Question

A physics student of mass 59.0 kg is standing at the edge of the flat roof of a building, 12.0 m above the sidewalk. An unfriendly dog is running across the roof toward her. Next to her is a large wheel mounted on a horizontal axle at its center. The wheel, used to lift objects from the ground to the roof, has a light crank attached to it and a light rope wrapped around it; the free end of the rope hangs over the edge of the roof. The student grabs the end of the rope and steps off the roof.

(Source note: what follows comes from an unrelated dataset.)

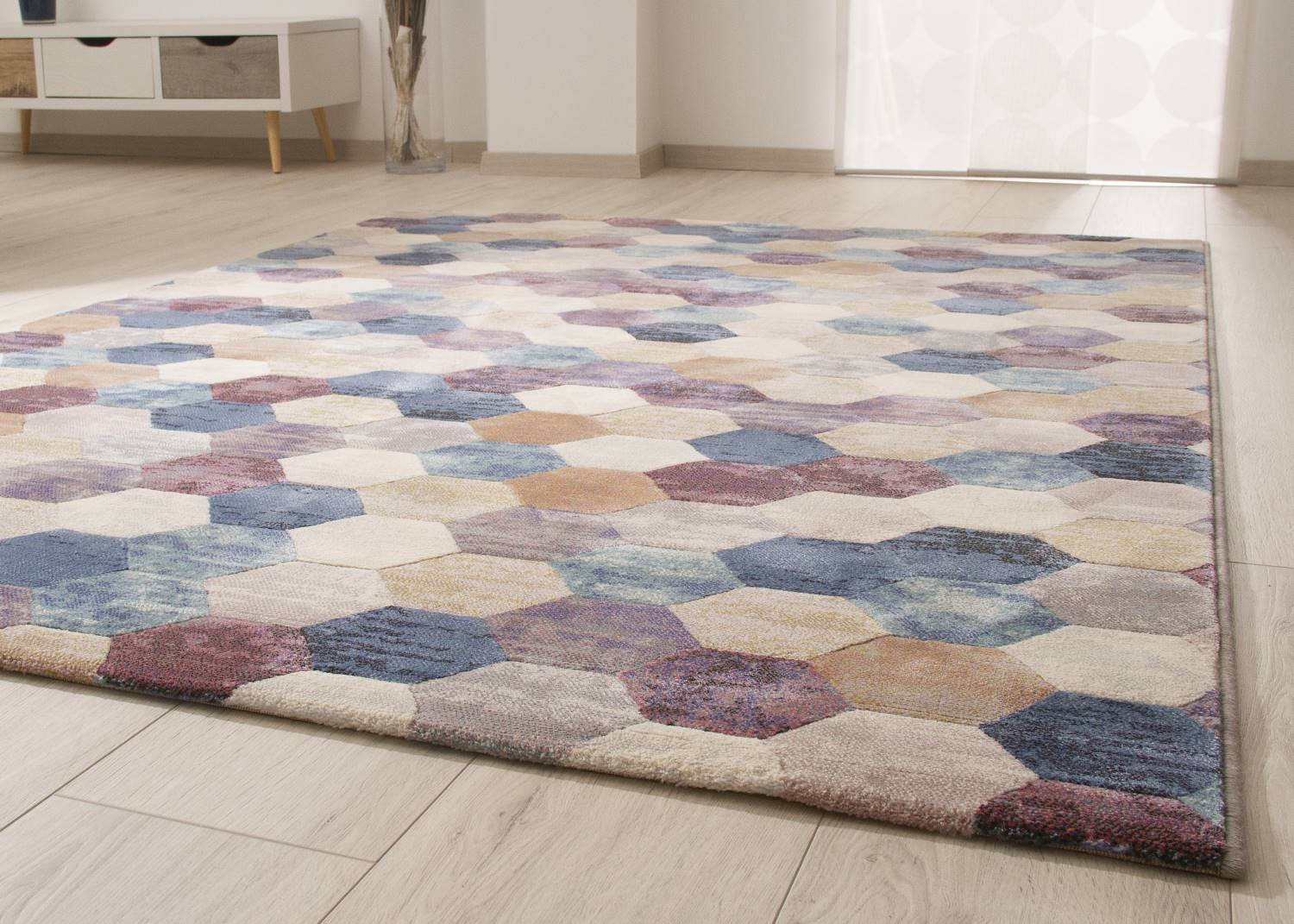 Kurzflor Teppich Harmonious Colours - Hexagon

A). If the wheel has radius 0.300 m and a moment of inertia of 9.60 kg⋅m2 for rotation about the axle, how long does it take her to reach the sidewalk? Ignore friction.

t = ?

B).How fast will she be moving just before she lands?

v = ?

Answer 1

T = tension in the rope

$\alpha$ = angular acceleration of wheel

a = linear acceleration

r = radius = 0.3

I = moment of inertia = 9.60

T = tension in rope

force equation for the student is given as

mg - T = ma                                     eq-1

Torque equation for the wheel is given as

T r = I $\alpha$

T = Ia/r²                            eq-2

using eq-1 and eq-2

mg - Ia/r²  = ma     

a = mg / (I/r² + m)

a = 59 x 9.8 / (9.60/0.3² + 59)

a = 3.5 m/s²

using conservation of energy

Potential energy at top = KE at bottom + rotational KE of wheel when student is at bottom

mgh = (0.5) m v² + (0.5) I w²

mgh = (0.5) m v² + (0.5) I (v/r)²

59 x 9.8 x 12 = (0.5) (59) v² + (0.5) (9.60) (v/0.3)²

V = 9.15 m/s

Vi = initial velocity of student = 0

a = acceleration

t = time

d = distance moved = 12 m

using the equation

d = V_i t + (0.5) a t²

12 = 0 x t + (0.5) (3.5) t²

t = 2.62 sec